Top of Record extracts
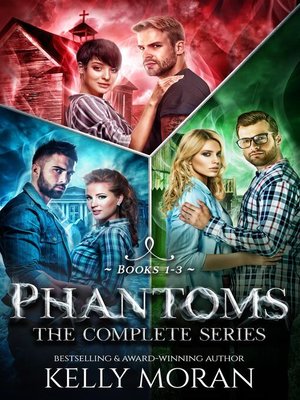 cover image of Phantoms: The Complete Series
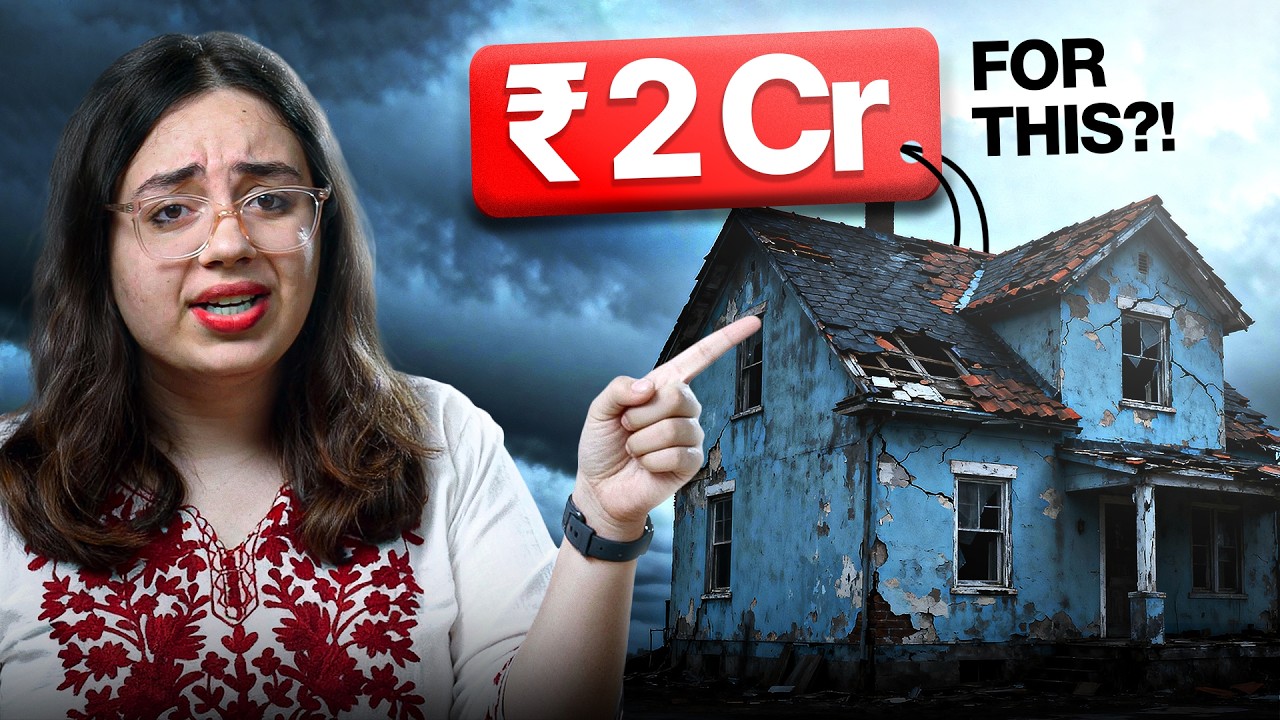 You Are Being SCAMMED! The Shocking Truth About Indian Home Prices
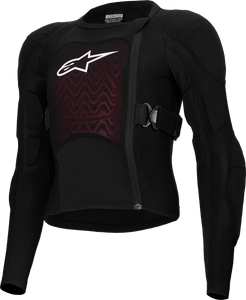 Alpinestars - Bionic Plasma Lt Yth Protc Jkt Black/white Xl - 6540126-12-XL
Bottom of Record extracts
Top of Record extracts
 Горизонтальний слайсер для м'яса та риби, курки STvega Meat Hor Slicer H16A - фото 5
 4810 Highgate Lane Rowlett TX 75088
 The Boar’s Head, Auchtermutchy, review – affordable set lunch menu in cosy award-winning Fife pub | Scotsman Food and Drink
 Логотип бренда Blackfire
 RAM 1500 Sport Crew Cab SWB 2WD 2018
Bottom of Record extracts
Top of Record extracts
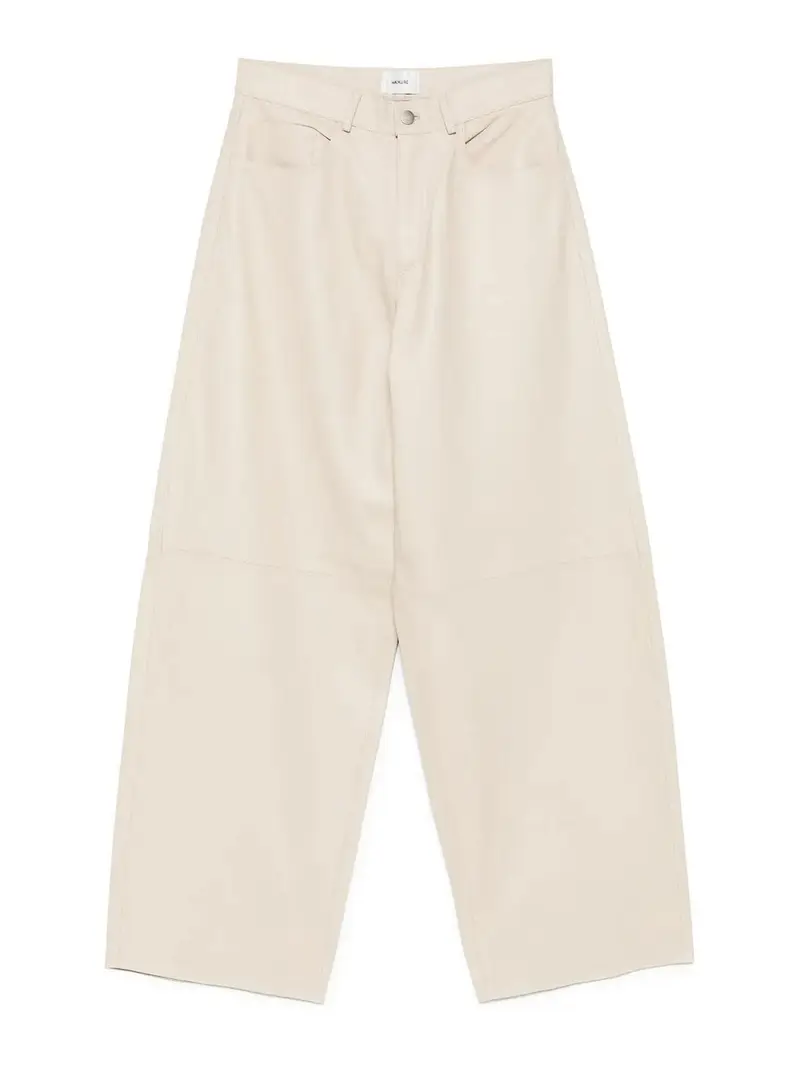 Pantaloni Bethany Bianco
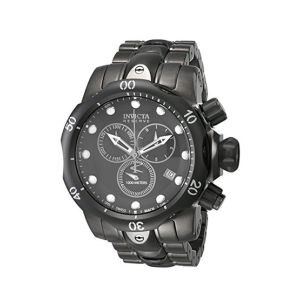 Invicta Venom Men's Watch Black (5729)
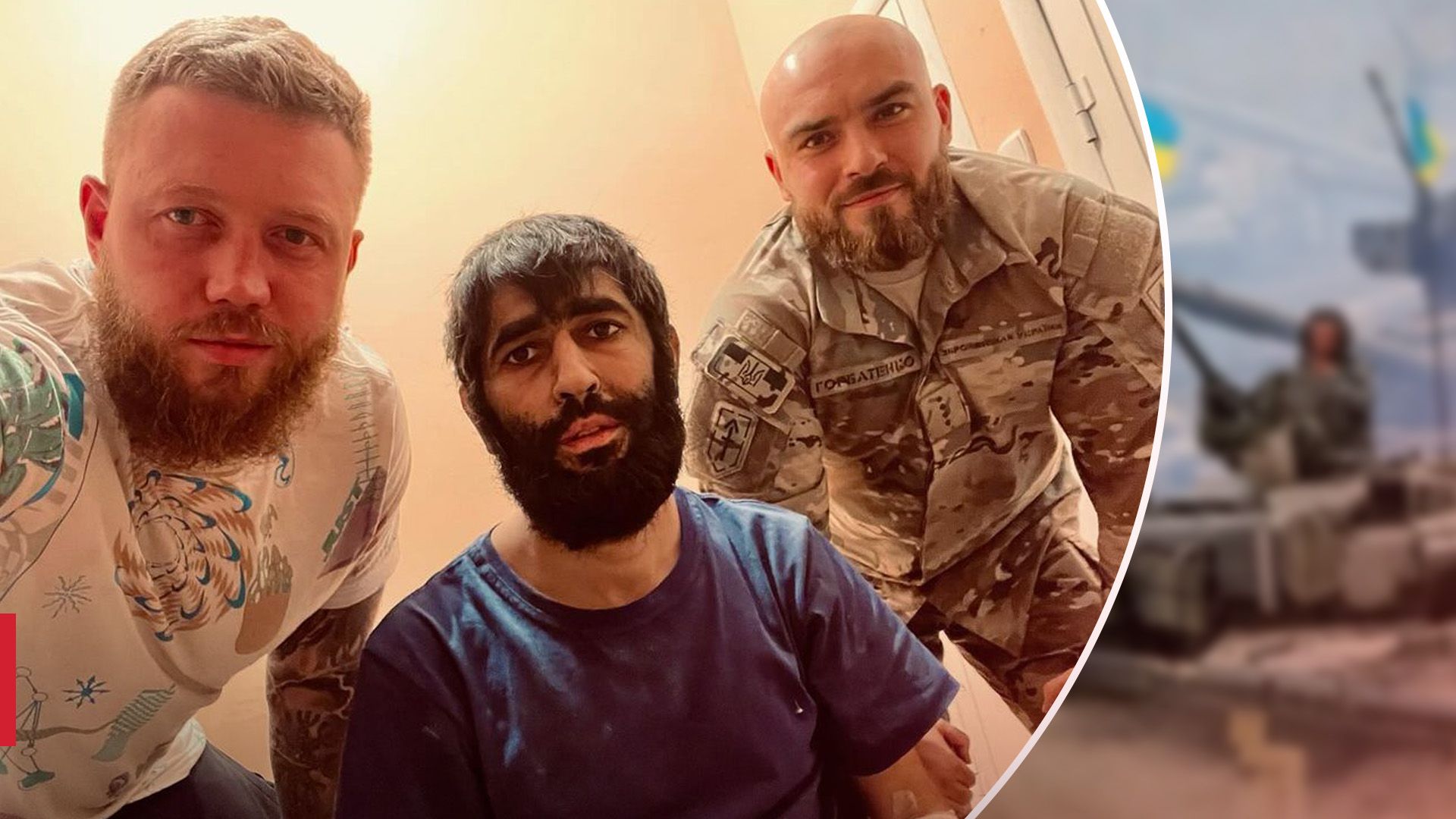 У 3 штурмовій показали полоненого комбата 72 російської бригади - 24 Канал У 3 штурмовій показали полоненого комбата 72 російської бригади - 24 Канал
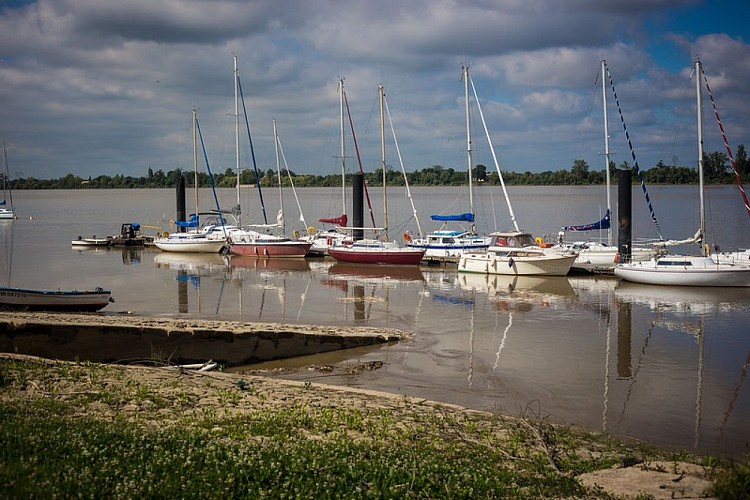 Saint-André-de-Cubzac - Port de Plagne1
Bottom of Record extracts
» How to complete this task
Give an exact copy of the lines above from the line with "4810 Highgate Lane Rowlett TX 75088" up to and including the line with "RAM 1500 Sport Crew Cab SWB 2WD 2018", and leave everything else out.

» Result of this exercise
 4810 Highgate Lane Rowlett TX 75088
 The Boar’s Head, Auchtermutchy, review – affordable set lunch menu in cosy award-winning Fife pub | Scotsman Food and Drink
 Логотип бренда Blackfire
 RAM 1500 Sport Crew Cab SWB 2WD 2018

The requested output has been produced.